Return, from the data below, each line that contains the word "shower".

Available data Start Marker

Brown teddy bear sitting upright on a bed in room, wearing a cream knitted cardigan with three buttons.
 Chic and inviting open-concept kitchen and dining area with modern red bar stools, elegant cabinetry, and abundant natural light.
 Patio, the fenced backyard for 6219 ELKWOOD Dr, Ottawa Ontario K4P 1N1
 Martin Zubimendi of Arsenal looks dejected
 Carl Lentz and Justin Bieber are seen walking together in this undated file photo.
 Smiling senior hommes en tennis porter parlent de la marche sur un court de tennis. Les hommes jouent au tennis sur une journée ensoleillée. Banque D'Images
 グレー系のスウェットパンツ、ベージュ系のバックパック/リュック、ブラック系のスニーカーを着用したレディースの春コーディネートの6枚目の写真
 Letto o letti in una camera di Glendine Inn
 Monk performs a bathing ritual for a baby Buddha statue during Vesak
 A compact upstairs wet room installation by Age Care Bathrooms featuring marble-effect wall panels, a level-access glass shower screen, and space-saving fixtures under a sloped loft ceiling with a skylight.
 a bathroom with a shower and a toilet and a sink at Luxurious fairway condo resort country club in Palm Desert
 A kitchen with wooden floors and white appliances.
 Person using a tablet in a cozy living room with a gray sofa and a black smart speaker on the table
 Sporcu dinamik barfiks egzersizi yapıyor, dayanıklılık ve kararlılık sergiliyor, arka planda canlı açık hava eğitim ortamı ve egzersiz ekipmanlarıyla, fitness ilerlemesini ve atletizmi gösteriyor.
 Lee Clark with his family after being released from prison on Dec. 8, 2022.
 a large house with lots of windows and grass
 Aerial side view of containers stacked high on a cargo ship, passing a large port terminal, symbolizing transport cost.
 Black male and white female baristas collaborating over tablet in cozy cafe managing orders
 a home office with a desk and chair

Available data End Marker

Answer to this task:
 A compact upstairs wet room installation by Age Care Bathrooms featuring marble-effect wall panels, a level-access glass shower screen, and space-saving fixtures under a sloped loft ceiling with a skylight.
 a bathroom with a shower and a toilet and a sink at Luxurious fairway condo resort country club in Palm Desert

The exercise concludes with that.